Don’t be alarmed by this rather long list. It doesn’t mean that having breast implants results in a lot of problems. These are the exception, not the norm. Between saline and silicone, there isn’t one that causes more problems than the other, and ruptured implants are not a common occurrence. In general, staying conservative (i.e. rather smaller than larger) with your implant size helps keep the revision rate low.
If It Ain’t Broke, Don’t Fix It
When you do get new implants, you might also have new options that weren’t available when you had your first ones put in: smooth vs textured, round vs teardrop, smaller vs larger. But on the last point be careful. Having breast implant revision surgery just because you want to change the size of your implants might not be a great idea. If your first surgery achieved a good balance of size and shape, you might upset that balance by changing a key factor that made it work the first time. You certainly don’t want to undergo surgery where the outcome might make things worse. Again, if you experience no problems with your breast implants, leaving them alone is a good idea.
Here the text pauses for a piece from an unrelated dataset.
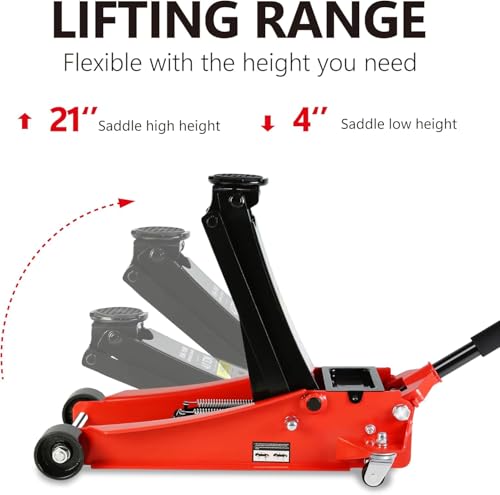 4 Ton Low Profile Floor Jack, Heavy Duty Floor Jack with Dual Pistons Quick Lift Pump, Steel Car Jacks Adjustable Height 4"-21", Hydraulic Trolley Floor Jacks 4 Ton/8000 LBS Capacity, Red - color: Red - 4 Ton(Dual Pump), Lift 4"-21"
What’s important to know is that simply because they are old, there is no reason to replace your breast implants after a certain number of years. Just like an old car that’s running well, you might just be lucky and get more time out of yours than average.
If you haven’t had a breast augmentation and are thinking about having the procedure done, bearing the above in mind may help you to plan your surgery. A good plastic surgeon will make sure he or she listens carefully to your goals and determines whether and how they can be achieved. Making sure you make an informed choice about the type of implant, the texture, and the shape goes a long way toward being happy with your implants for years to come.